Update 11:31:30 UTC: We still observe slight slowdown in some queries, while other queries run smoothly. From our analytics it seems that job run times are not affected as we've offset the slowdown with more computing power. Next update in 4 hours.

Update 15:33:10 UTC: No significant changes, the situation is stable, but not resolved. Snowflake is working on identifying the source of the performance issues. We're monitoring the situation and in case of significant slow downs we'll offset with more computational power.
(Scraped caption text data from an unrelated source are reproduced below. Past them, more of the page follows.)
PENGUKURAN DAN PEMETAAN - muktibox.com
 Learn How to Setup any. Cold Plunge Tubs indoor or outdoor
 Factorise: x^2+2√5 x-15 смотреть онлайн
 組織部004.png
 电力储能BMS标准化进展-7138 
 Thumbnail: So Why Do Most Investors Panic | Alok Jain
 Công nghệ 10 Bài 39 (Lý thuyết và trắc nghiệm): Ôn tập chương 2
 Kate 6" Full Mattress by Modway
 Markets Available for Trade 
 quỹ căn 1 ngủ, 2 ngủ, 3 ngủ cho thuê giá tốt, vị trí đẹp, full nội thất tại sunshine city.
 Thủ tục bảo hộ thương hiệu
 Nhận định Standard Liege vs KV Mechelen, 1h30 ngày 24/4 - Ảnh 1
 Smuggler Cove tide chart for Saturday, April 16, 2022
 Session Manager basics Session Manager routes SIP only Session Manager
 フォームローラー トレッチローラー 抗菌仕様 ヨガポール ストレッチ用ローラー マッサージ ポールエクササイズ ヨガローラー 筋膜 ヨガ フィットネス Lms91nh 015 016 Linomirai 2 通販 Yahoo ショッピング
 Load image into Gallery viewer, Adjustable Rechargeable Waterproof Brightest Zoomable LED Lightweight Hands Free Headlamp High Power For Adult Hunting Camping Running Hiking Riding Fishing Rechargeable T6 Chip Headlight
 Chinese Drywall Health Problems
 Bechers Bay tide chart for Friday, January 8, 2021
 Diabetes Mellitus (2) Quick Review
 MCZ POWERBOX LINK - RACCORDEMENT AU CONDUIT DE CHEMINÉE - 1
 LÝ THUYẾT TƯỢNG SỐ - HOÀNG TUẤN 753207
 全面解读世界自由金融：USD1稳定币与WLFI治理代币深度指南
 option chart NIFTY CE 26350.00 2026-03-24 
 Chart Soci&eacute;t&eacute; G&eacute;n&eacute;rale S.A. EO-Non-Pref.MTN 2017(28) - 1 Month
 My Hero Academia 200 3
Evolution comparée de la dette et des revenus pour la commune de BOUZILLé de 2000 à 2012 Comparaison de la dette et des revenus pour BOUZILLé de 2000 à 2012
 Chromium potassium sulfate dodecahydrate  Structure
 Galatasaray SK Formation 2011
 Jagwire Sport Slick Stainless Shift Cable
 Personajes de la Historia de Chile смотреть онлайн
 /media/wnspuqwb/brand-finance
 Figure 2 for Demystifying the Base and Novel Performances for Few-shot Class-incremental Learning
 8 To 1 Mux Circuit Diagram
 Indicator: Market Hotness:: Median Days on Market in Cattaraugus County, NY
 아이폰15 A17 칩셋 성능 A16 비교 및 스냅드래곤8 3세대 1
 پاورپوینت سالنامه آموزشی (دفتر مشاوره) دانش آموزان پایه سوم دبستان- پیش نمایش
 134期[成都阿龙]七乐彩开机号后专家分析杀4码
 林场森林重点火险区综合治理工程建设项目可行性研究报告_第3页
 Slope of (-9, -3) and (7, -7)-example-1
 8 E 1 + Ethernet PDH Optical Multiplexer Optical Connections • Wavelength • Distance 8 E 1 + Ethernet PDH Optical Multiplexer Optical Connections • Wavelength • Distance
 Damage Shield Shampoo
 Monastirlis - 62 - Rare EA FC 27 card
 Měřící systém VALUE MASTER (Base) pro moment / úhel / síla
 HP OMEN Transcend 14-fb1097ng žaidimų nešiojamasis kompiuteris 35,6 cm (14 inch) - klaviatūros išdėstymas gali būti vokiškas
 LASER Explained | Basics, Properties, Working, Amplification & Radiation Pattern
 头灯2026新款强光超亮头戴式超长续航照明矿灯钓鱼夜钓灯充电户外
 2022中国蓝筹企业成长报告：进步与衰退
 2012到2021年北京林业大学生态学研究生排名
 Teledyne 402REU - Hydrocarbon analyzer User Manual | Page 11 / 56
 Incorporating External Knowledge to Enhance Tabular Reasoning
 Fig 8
Next update tomorrow or earlier if there are any changes.

Update 21 April 2020: The situation is stable, we're working with Snowflake on maintaining the stability.

Update 22 April 2020: Snowflake engineers improved performance of impacted queries, together we're working on preventing this in future. We consider the incident closed. Postmortem will be published when we the root cause is fully understood.

Snowflake Job Delays in the US Region

In the early morning Snowflake had an incident in their US West region which caused a large backlog of job processing in Keboola's US Region.  The jobs were all eventually processed, but they may have taken much longer than what you normally experience.

The buildup in our queue began just before 2:00AM CEST and started to ease after 4:30AM  CEST.

Please refer to the above link for further information, and we will add a link to the RCA when it becomes available.

Transformation failures - Post-Mortem

Summary

Between March 30, 20:58 UTC and March 31, 6:15 UTC, some transformation jobs failed with an internal error. About 2% of all transformation jobs were affected. We sincerely apologize for this incident.

What Happened?

On March 30 at 20:58 UTC, we deployed a new version of the Transformation service which contained updated Snowflake ODBC drivers. The update was enforced by Snowflake as a security update patch. Unfortunately, the new version of the driver contained a critical bug which caused the driver to crash when some queries were running longer than one hour. This led to failed transformation jobs.

What Are We Doing About This?

We now treat all driver updates as major updates. This means they go through more careful deployment and monitoring so that we can detect possible problems faster. In the long term, we're working with Snowflake to update drivers in a more controlled manner.